May 29 — Worldwide support for the Cuban 5 political prisoners has been pouring in to bolster a week of scheduled solidarity activities here in the political capital of world imperialism from May 30 through June 5. Parliamentarians, authors, attorneys, religious and labor leaders, and cultural representatives from 22 countries will take part in these events.
An important mass public rally will take place on June 1 at the White House at 1 p.m., followed by an ecumenical-cultural event at 6 p.m. at St. Stephens Church, 1525 Newton St. NW, with 1970s’ political prisoner Angela Davis, Barbadian musician Mighty Gabby and the D.C. Labor Chorus. Delegations from Quebec, Toronto and cities throughout the U.S. are traveling for these weekend events. Low-cost bus tickets from New York City were made possible by donations from the labor movement.
The International Committee for the Freedom of the Cuban 5 initiated the “Second 5 Days for the Cuban 5 in Washington, D.C.” Those coming to Washington include a delegation of 30 Cuban Americans who are traveling from Miami to show their support for the release of the Cuban 5.

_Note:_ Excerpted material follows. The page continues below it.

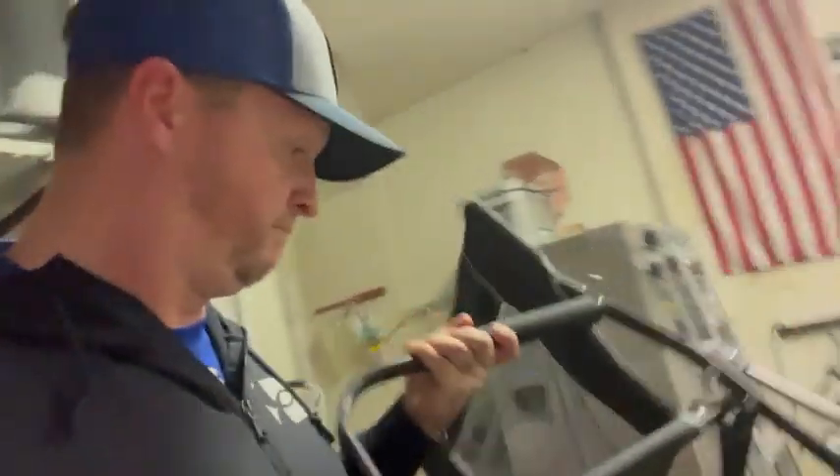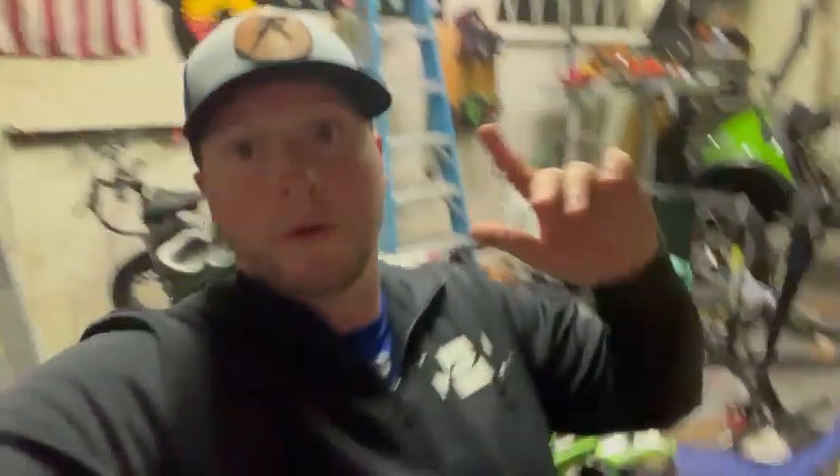Honestly, I love this chair. The only complaint that I have with this chair is that I didn't buy it sooner. Very happy with it. Definitely worth the money. You're going to like it — I freaking guarantee it.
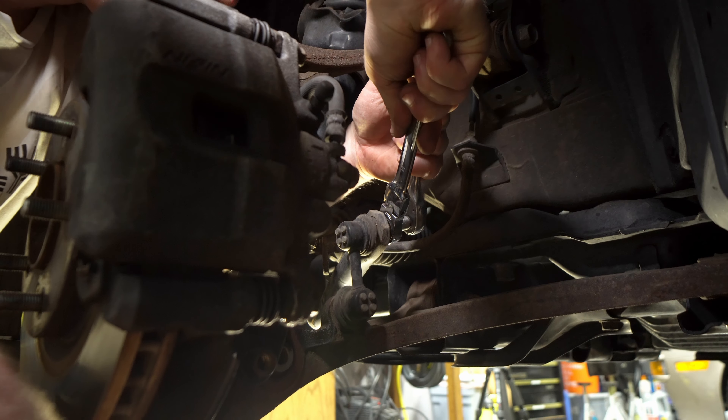To access the top of the strut, open your trunk and remove the carpeting using trim tools. Take a look at this strut tower brace — that bar is welded right into the shock tower. Dan is going to come in here and remove the upper shock nut, which is a 14 millimeter. We had to pull the spare out to do that.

One of the Cuban 5, René González, was the first of the men to be reunited with his family in Cuba. The other four — Gerardo Hernández, Antonio Guerrero, Ramón Labañino, Fernando González — remain unjustly held in U.S. prisons, where they have been since their arrest on Sept. 12, 1998. They are now the focus of this massive campaign, in the U.S. and around the world, to win their release and repatriation to Cuba.
René González to speak
González is scheduled to speak live from Havana, Cuba, for the first time to the U.S. population, at the May 30 opening press conference. Other speakers at the May 30 opening press conference include Ignacio Ramonet, originally from Galicia in Spain, who is the former editor-in-chief of Le Monde Diplomatique and author of “100 Hours with Fidel,” a book presenting a political biography of Fidel Castro based on interviews with the Cuban leader. Also speaking are Dolores Huerta, co-founder of the United Farm Workers of America and president of the Dolores Huerta Foundation, who was awarded the Presidential Medal of Freedom by President Obama in 2012; and Wayne Smith, former chief of the U.S. Interests Section in Havana during the Carter administration and currently a senior fellow at the Center for International Policy.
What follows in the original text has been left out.